* GIVEN RECORDS
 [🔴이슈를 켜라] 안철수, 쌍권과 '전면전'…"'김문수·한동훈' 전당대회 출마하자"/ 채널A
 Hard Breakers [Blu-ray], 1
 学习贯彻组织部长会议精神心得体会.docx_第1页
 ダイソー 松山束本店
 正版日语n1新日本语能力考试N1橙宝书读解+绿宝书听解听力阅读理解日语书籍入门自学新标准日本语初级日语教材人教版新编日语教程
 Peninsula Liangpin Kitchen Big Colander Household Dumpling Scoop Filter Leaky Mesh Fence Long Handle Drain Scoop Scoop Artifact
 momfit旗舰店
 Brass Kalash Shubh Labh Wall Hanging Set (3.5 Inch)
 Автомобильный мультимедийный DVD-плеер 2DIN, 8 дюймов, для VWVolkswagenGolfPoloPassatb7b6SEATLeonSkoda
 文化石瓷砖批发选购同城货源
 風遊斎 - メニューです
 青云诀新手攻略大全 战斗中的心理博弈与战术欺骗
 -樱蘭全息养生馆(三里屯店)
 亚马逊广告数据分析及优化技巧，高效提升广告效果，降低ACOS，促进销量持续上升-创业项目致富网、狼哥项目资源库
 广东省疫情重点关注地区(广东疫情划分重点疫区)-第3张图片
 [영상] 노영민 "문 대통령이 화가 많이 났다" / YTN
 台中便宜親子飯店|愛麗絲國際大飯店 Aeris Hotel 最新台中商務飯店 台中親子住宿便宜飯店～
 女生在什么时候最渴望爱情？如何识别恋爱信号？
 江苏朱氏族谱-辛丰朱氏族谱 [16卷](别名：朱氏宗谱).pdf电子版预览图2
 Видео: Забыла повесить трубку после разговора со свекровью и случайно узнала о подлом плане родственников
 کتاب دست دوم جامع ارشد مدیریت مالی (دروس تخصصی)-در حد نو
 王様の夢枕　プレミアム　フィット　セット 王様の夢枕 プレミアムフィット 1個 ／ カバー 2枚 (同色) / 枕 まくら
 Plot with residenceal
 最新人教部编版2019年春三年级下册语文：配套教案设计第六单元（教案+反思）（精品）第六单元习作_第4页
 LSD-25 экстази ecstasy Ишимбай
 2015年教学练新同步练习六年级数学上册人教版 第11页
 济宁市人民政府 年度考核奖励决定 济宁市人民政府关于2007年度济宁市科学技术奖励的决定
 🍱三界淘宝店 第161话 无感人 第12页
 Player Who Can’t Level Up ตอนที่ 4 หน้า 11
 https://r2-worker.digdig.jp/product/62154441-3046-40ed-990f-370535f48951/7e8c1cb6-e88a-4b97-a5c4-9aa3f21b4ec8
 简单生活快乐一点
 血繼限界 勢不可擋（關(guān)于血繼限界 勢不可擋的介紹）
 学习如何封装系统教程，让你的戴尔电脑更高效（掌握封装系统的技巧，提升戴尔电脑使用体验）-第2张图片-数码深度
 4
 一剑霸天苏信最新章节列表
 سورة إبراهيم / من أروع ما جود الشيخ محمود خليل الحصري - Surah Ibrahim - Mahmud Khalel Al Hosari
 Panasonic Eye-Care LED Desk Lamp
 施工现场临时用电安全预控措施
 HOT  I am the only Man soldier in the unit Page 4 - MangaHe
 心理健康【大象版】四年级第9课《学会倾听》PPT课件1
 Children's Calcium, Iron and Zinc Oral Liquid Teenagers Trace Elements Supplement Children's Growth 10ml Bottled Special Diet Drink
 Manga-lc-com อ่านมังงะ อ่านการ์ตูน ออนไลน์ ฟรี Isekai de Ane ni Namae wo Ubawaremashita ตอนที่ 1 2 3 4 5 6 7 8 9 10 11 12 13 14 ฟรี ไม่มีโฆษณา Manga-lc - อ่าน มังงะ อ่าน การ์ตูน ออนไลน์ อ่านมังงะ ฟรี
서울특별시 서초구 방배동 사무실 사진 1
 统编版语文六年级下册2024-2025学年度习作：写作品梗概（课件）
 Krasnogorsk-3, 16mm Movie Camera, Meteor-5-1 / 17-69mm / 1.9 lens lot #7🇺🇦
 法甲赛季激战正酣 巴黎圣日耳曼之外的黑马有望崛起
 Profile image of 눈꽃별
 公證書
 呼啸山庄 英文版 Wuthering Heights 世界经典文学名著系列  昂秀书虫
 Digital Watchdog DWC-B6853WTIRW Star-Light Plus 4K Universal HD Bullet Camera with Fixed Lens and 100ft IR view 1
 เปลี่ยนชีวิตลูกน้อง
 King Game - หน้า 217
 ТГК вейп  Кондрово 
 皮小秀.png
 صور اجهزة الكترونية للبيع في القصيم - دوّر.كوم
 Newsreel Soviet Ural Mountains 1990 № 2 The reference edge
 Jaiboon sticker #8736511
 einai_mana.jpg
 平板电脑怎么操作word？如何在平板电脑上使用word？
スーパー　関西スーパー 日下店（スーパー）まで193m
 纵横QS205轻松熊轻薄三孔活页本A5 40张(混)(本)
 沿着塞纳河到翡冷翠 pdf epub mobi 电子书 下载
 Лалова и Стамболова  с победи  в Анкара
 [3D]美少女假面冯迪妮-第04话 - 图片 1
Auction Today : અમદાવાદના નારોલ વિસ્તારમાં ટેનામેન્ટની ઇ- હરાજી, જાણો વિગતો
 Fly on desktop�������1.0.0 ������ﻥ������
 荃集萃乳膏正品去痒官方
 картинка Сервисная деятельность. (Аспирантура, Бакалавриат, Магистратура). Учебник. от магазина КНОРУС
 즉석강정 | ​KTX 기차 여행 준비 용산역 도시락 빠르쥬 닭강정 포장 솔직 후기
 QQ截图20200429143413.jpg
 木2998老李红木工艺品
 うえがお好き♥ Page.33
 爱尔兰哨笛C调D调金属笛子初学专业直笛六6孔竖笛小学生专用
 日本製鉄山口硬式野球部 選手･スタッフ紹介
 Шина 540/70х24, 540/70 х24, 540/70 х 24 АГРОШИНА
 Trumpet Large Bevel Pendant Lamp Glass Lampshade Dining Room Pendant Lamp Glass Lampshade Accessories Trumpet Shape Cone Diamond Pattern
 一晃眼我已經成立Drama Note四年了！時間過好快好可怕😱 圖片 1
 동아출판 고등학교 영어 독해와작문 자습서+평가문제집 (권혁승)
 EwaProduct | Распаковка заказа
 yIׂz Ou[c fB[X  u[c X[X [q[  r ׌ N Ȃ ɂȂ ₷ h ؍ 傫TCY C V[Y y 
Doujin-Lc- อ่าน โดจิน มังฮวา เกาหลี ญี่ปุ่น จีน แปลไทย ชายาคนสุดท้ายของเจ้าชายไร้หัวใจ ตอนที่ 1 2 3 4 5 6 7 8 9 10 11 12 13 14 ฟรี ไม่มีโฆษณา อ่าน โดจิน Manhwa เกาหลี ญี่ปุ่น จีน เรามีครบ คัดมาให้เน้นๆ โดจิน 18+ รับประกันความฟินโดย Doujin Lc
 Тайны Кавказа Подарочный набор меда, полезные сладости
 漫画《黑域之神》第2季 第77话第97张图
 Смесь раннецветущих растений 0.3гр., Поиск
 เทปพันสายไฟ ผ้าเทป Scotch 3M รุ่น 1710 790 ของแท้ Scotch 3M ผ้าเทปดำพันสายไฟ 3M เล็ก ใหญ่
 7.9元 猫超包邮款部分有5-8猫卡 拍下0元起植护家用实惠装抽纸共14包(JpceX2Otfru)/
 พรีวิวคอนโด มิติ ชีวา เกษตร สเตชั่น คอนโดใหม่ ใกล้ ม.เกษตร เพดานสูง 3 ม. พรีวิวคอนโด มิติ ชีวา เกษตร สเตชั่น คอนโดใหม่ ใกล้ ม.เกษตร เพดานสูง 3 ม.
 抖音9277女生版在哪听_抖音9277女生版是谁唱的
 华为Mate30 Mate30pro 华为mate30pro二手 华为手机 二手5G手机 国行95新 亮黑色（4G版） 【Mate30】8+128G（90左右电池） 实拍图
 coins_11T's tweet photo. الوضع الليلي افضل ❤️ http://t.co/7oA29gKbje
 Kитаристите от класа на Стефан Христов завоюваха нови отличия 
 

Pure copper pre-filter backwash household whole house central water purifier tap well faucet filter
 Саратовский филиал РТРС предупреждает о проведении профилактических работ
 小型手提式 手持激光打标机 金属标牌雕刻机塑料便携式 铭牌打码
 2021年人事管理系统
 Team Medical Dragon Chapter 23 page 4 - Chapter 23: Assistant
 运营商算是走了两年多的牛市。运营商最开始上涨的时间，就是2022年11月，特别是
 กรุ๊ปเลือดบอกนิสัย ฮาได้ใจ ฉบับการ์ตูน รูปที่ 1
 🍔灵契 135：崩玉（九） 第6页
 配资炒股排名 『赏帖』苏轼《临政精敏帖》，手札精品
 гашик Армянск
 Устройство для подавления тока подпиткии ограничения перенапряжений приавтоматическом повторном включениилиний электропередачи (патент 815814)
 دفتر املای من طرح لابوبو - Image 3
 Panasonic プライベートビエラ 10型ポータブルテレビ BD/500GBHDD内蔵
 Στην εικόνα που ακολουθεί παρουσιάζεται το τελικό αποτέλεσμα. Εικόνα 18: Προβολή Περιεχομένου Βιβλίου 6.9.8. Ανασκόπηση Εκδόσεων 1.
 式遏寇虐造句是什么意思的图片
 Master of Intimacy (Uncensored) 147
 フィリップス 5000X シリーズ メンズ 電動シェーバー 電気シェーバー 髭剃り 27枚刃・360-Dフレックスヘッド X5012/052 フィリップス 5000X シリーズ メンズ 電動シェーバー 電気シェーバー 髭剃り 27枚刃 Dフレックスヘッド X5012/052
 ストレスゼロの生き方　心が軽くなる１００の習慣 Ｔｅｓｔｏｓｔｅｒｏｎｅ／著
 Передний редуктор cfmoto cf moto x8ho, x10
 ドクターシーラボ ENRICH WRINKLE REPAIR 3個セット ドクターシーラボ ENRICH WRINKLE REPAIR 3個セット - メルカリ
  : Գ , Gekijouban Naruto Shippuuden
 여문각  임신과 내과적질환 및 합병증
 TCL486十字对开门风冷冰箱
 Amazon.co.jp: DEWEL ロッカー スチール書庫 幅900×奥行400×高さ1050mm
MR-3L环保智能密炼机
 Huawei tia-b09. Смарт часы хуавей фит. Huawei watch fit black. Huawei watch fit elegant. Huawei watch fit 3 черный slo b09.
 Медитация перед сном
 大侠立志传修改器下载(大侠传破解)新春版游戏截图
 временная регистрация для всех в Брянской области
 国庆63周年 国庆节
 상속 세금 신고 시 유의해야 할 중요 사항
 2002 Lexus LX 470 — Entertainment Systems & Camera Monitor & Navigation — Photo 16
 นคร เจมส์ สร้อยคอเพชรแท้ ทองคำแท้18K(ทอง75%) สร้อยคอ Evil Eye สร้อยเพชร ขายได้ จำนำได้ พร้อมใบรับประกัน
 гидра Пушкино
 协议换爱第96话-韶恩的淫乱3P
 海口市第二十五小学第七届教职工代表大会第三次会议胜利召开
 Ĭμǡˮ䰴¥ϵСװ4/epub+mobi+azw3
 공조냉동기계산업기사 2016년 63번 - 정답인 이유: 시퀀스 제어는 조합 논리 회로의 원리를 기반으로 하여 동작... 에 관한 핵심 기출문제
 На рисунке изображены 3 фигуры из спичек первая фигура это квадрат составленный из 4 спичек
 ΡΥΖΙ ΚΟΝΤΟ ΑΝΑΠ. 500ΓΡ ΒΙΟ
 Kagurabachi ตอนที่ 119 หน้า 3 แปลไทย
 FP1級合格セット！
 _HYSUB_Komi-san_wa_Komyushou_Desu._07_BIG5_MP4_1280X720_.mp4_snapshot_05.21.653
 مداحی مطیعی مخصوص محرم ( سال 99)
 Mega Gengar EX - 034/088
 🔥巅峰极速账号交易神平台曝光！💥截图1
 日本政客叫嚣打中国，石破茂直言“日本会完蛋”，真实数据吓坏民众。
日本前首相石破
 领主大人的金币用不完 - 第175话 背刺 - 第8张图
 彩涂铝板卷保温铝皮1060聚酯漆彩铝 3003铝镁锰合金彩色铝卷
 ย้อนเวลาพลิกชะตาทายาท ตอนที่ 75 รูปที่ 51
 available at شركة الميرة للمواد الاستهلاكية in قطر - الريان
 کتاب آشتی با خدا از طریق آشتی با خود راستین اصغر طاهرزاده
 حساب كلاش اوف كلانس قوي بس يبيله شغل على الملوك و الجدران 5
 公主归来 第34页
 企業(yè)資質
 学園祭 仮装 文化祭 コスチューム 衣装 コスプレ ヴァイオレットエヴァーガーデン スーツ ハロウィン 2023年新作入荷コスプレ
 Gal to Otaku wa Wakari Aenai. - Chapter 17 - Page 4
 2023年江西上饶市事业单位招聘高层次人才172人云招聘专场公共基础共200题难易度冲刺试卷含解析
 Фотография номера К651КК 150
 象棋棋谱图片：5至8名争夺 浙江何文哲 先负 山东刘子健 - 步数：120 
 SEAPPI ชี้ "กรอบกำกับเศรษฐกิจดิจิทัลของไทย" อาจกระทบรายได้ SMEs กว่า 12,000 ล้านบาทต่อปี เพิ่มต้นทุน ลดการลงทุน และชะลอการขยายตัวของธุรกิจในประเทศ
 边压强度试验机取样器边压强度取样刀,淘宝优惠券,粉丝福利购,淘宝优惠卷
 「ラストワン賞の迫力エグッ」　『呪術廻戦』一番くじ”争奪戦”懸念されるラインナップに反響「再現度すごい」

* TASK ITEM
Nothing but the lines from the first line of the listing above through the line holding "Manga-lc-com อ่านมังงะ อ่านการ์ตูน" should be reproduced, and each must match exactly.

* TASK SOLUTION
 [🔴이슈를 켜라] 안철수, 쌍권과 '전면전'…"'김문수·한동훈' 전당대회 출마하자"/ 채널A
 Hard Breakers [Blu-ray], 1
 学习贯彻组织部长会议精神心得体会.docx_第1页
 ダイソー 松山束本店
 正版日语n1新日本语能力考试N1橙宝书读解+绿宝书听解听力阅读理解日语书籍入门自学新标准日本语初级日语教材人教版新编日语教程
 Peninsula Liangpin Kitchen Big Colander Household Dumpling Scoop Filter Leaky Mesh Fence Long Handle Drain Scoop Scoop Artifact
 momfit旗舰店
 Brass Kalash Shubh Labh Wall Hanging Set (3.5 Inch)
 Автомобильный мультимедийный DVD-плеер 2DIN, 8 дюймов, для VWVolkswagenGolfPoloPassatb7b6SEATLeonSkoda
 文化石瓷砖批发选购同城货源
 風遊斎 - メニューです
 青云诀新手攻略大全 战斗中的心理博弈与战术欺骗
 -樱蘭全息养生馆(三里屯店)
 亚马逊广告数据分析及优化技巧，高效提升广告效果，降低ACOS，促进销量持续上升-创业项目致富网、狼哥项目资源库
 广东省疫情重点关注地区(广东疫情划分重点疫区)-第3张图片
 [영상] 노영민 "문 대통령이 화가 많이 났다" / YTN
 台中便宜親子飯店|愛麗絲國際大飯店 Aeris Hotel 最新台中商務飯店 台中親子住宿便宜飯店～
 女生在什么时候最渴望爱情？如何识别恋爱信号？
 江苏朱氏族谱-辛丰朱氏族谱 [16卷](别名：朱氏宗谱).pdf电子版预览图2
 Видео: Забыла повесить трубку после разговора со свекровью и случайно узнала о подлом плане родственников
 کتاب دست دوم جامع ارشد مدیریت مالی (دروس تخصصی)-در حد نو
 王様の夢枕　プレミアム　フィット　セット 王様の夢枕 プレミアムフィット 1個 ／ カバー 2枚 (同色) / 枕 まくら
 Plot with residenceal
 最新人教部编版2019年春三年级下册语文：配套教案设计第六单元（教案+反思）（精品）第六单元习作_第4页
 LSD-25 экстази ecstasy Ишимбай
 2015年教学练新同步练习六年级数学上册人教版 第11页
 济宁市人民政府 年度考核奖励决定 济宁市人民政府关于2007年度济宁市科学技术奖励的决定
 🍱三界淘宝店 第161话 无感人 第12页
 Player Who Can’t Level Up ตอนที่ 4 หน้า 11
 https://r2-worker.digdig.jp/product/62154441-3046-40ed-990f-370535f48951/7e8c1cb6-e88a-4b97-a5c4-9aa3f21b4ec8
 简单生活快乐一点
 血繼限界 勢不可擋（關(guān)于血繼限界 勢不可擋的介紹）
 学习如何封装系统教程，让你的戴尔电脑更高效（掌握封装系统的技巧，提升戴尔电脑使用体验）-第2张图片-数码深度
 4
 一剑霸天苏信最新章节列表
 سورة إبراهيم / من أروع ما جود الشيخ محمود خليل الحصري - Surah Ibrahim - Mahmud Khalel Al Hosari
 Panasonic Eye-Care LED Desk Lamp
 施工现场临时用电安全预控措施
 HOT  I am the only Man soldier in the unit Page 4 - MangaHe
 心理健康【大象版】四年级第9课《学会倾听》PPT课件1
 Children's Calcium, Iron and Zinc Oral Liquid Teenagers Trace Elements Supplement Children's Growth 10ml Bottled Special Diet Drink
 Manga-lc-com อ่านมังงะ อ่านการ์ตูน ออนไลน์ ฟรี Isekai de Ane ni Namae wo Ubawaremashita ตอนที่ 1 2 3 4 5 6 7 8 9 10 11 12 13 14 ฟรี ไม่มีโฆษณา Manga-lc - อ่าน มังงะ อ่าน การ์ตูน ออนไลน์ อ่านมังงะ ฟรี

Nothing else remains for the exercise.